Under this line sits a listing. Repeat exactly and only its lines from the one holding "EE.UU. restablece el" through the one holding "Un consumidor enchufa un radiador."; skip pictures.
Top of DATASET CONTENT
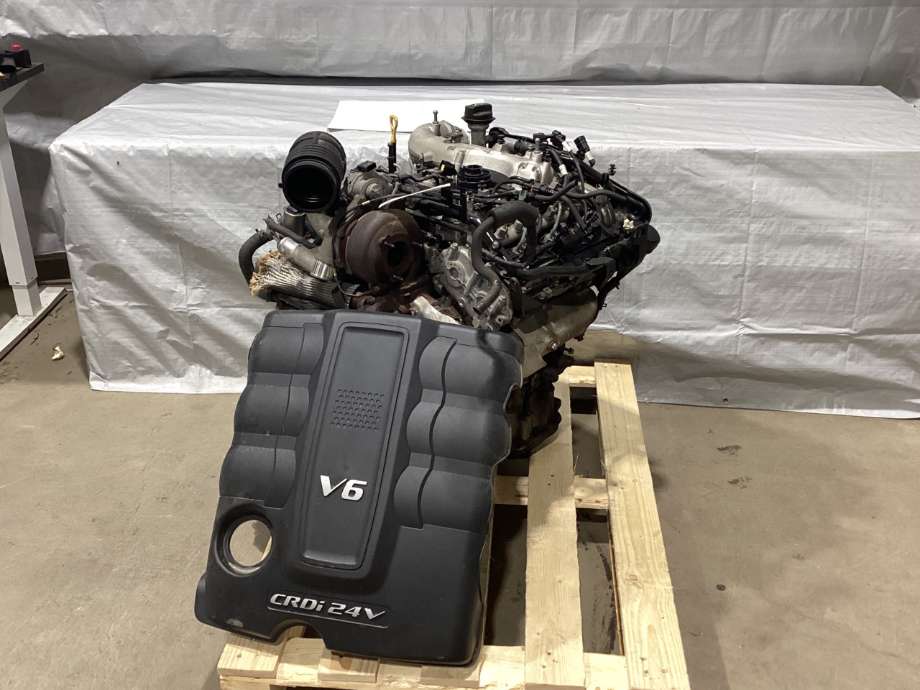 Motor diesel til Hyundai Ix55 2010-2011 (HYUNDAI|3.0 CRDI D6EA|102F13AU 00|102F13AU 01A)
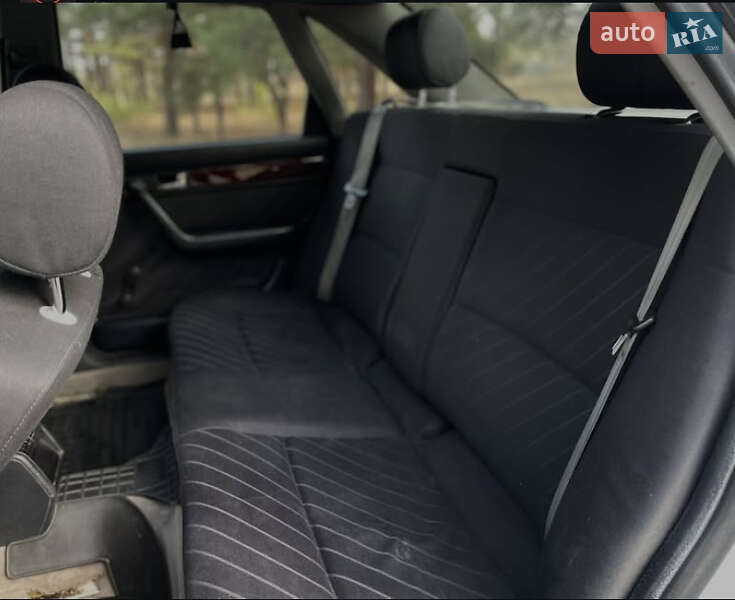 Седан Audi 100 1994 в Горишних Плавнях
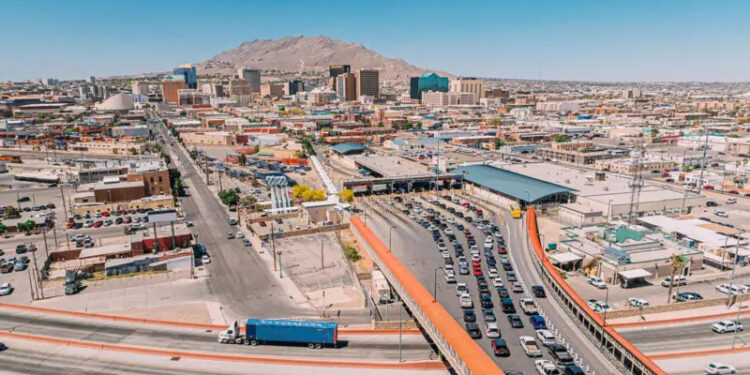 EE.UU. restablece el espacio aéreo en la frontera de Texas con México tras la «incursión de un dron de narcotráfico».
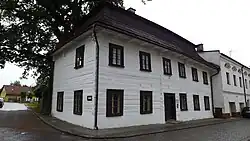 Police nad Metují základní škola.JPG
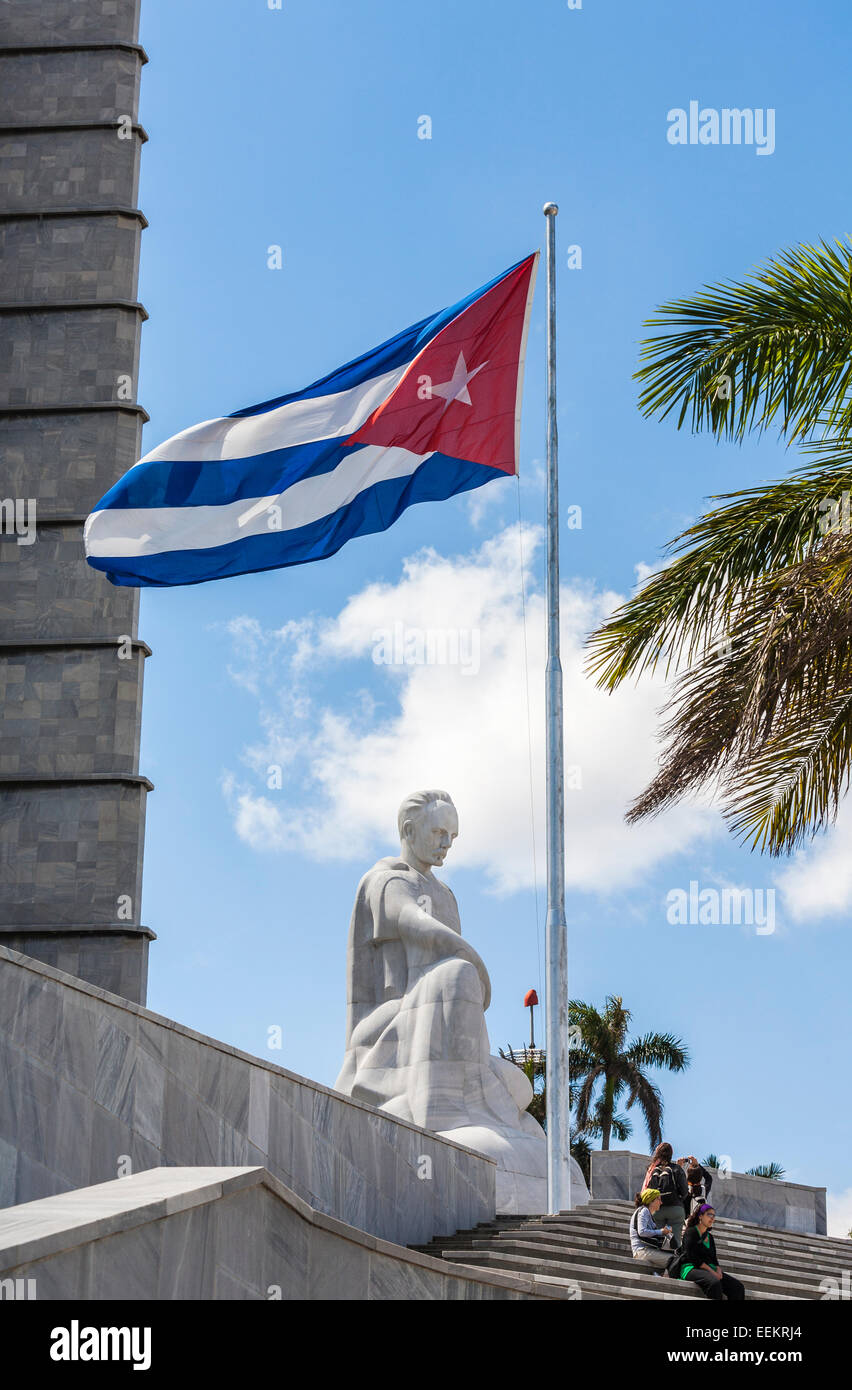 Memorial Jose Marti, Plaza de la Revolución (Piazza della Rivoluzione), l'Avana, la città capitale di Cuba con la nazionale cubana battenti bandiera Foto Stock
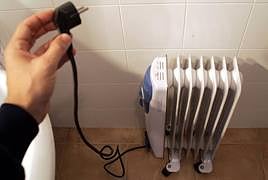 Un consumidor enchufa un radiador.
Bottom of DATASET CONTENT
Top of DATASET CONTENT
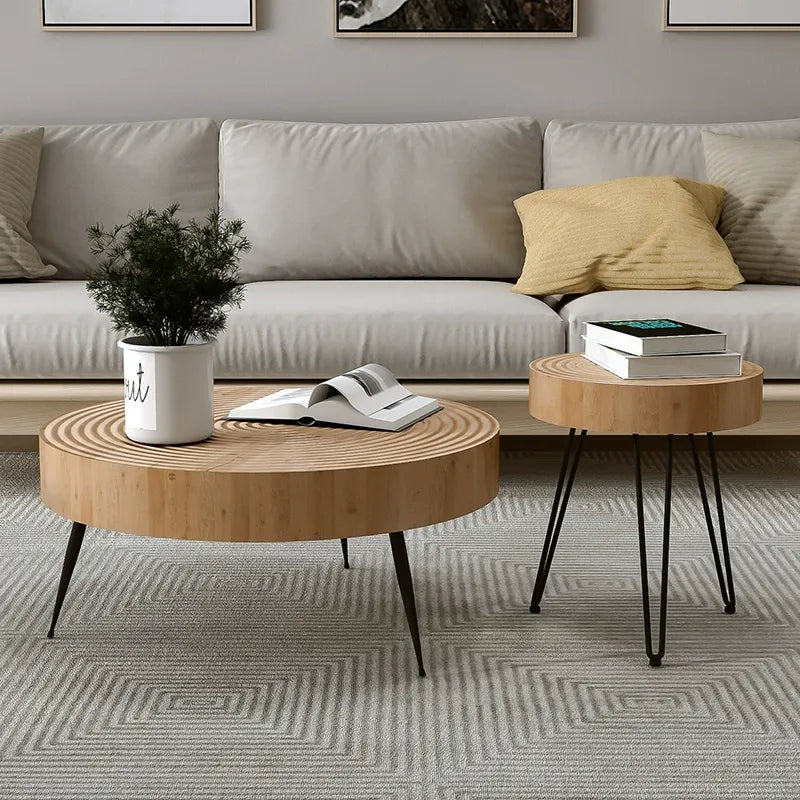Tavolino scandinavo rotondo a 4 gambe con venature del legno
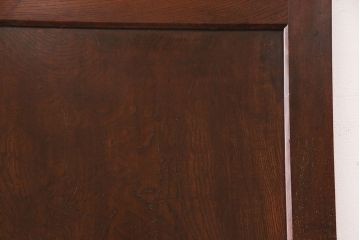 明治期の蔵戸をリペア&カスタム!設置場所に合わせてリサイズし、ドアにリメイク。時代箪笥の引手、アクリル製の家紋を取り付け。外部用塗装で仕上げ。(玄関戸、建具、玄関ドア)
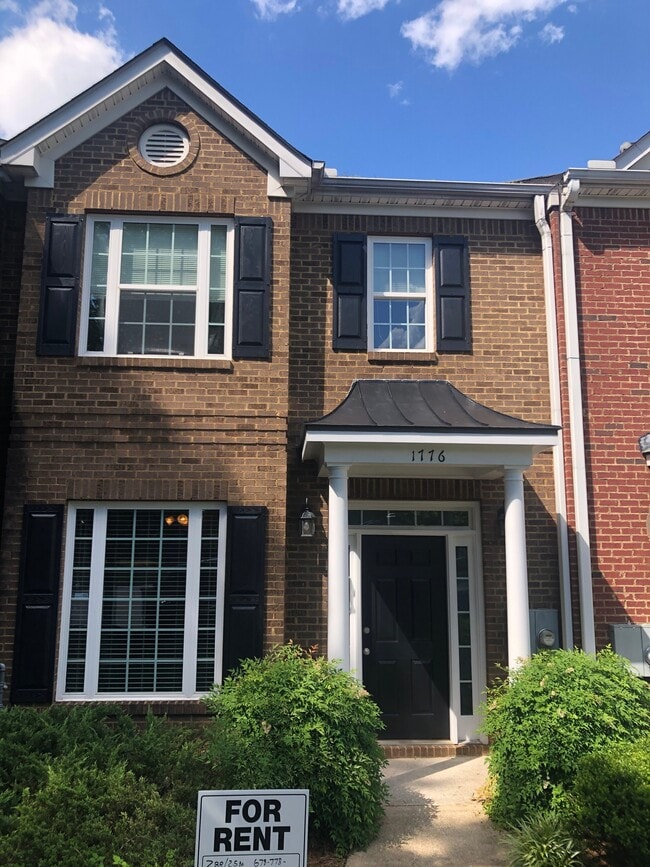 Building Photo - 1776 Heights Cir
Bottom of DATASET CONTENT
TASK ANSWER »
 EE.UU. restablece el espacio aéreo en la frontera de Texas con México tras la «incursión de un dron de narcotráfico».
 Police nad Metují základní škola.JPG
 Memorial Jose Marti, Plaza de la Revolución (Piazza della Rivoluzione), l'Avana, la città capitale di Cuba con la nazionale cubana battenti bandiera Foto Stock
 Un consumidor enchufa un radiador.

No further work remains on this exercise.